Inspector Jordaens introduced the shorter man. “This is my friend Detective-Sergeant Stock of Scotland Yard. We have been trying to make contact with you all the evening, Dr. Maclaren.”
It did not take any special gift to know what was coming. Andrew could have shaped the answer for himself as he asked the obvious question.
“What do you want with me?”
“Perhaps you will be good enough to invite us inside. It is about your friend Kusitch. His body was found in the Bois de la Cambre early this morning. I have been studying very closely the statement you gave me in Brussels. I wish to ask you some more questions.”
Six
Inspector Jordaens was a very painstaking man. It was after three o’clock in the morning before he left.
Kusitch had been shot through the head but other, less pleasant, things had happened to him first. Jordaens had a theory but it only made things more mystifying. The kidnappers, he thought, had not taken Kusitch from the hotel bedroom merely to murder him. If that had been their aim, they could have accomplished it without going to all the trouble of smuggling the man out of the Risler-Moircy. And with less risk, the Inspector insisted.

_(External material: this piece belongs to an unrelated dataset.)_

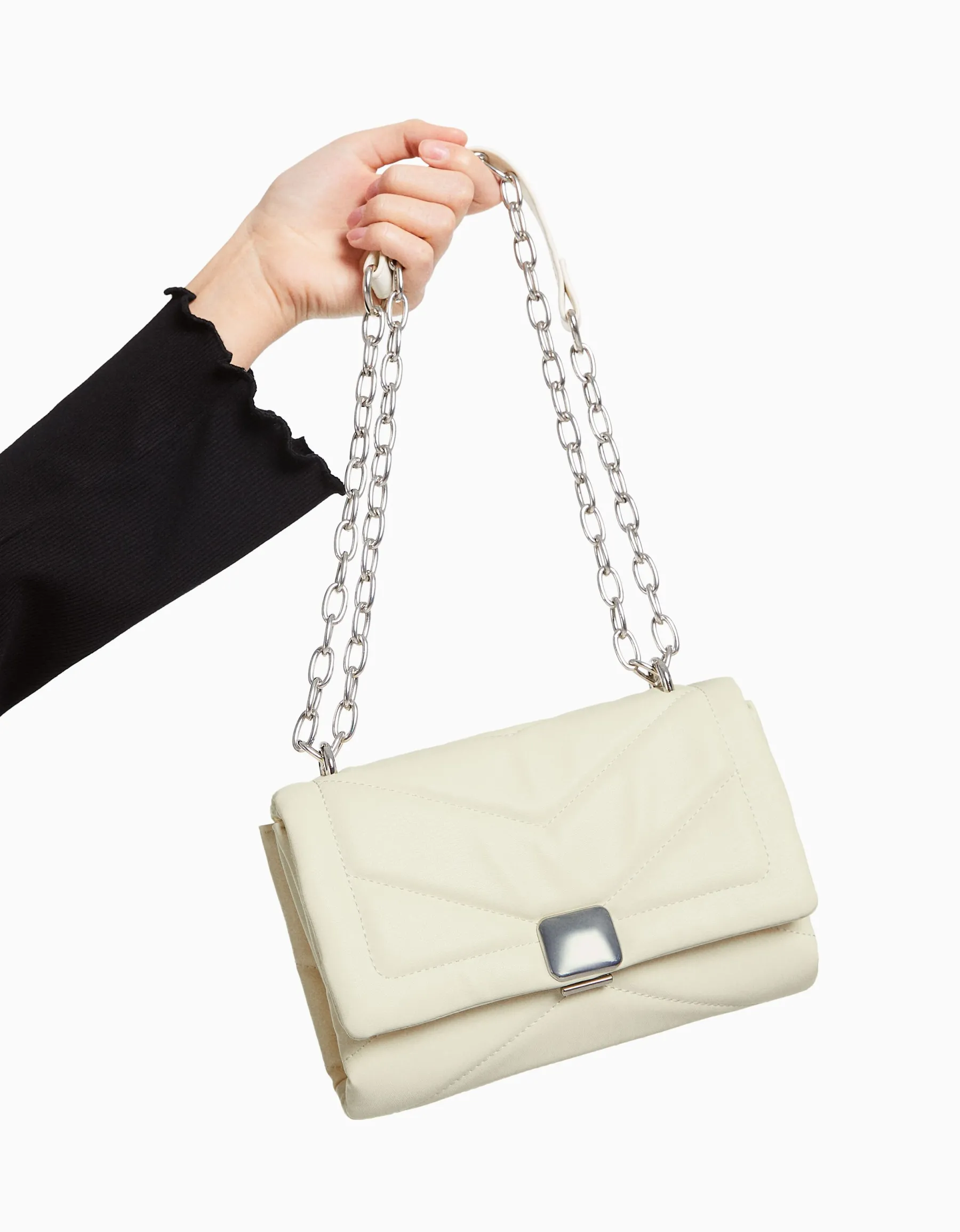 BERSHKA Mini-sac épaule matelassé chaîne Blanc Online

No. It was obvious that Kusitch had been abducted because he possessed some information that the assassins wanted.
“What was that information, Dr. Maclaren?”
Something in the tone, or it may have been in the impassive air of Jordaens, irritated Andrew.
“How should I know? I was not one of the assassins.”
“According to our knowledge, you were the last person to talk to this man; the last to see him alive.”
“Except for the assassins.”
“Assuredly, except for the assassins. The peculiarity, Dr. Maclaren, is that you came to me with the fear that Kusitch was in grave danger.”
“If there is any peculiarity, Inspector, it is that you would not listen to me.”
“Ah, please, Doctor!” Jordaens rustled his notes of the interview at the Commissariat. “But you wouldn’t,” Andrew insisted. “You rejected the idea completely.”
“What convinced you that there was danger?”
“I wasn’t convinced. I told you my reasons: the man’s behaviour, his fear of enemies.”
“Did you tell me everything?”
“Of course I told you everything. Why shouldn’t I have told you?”
“Exactly, Dr. Maclaren. Why?”
The Inspector was watching him with narrowed eyes. The Scotland Yard man was staring gloomily at the carpet.
Andrew experienced a momentary guilty panic. Then he lost his temper. He stood up quickly.
“If you think I had anything to do with it, why don’t you say so?”
The challenge had a startling effect. The Scotland Yard man’s head jerked up. The Inspector looked deeply shocked. It was as if some unacceptable obscenity had been uttered. There was a moment’s embarrassing silence, and then Andrew turned away and poured himself another drink. He heard a faint sigh of exasperation from the Belgian.
“My dear Doctor,” said Jordaens primly, “you misunderstand. Naturally, your own movements have been closely checked. I am quite satisfied that you were here in England at least twenty-four hours before Kusitch died.”
Andrew sat down again. Inspector Jordaens regarded him coldly.
“I merely asked a question, Dr. Maclaren.”
“I beg your pardon,” Andrew said, “I thought you were cross-examining.”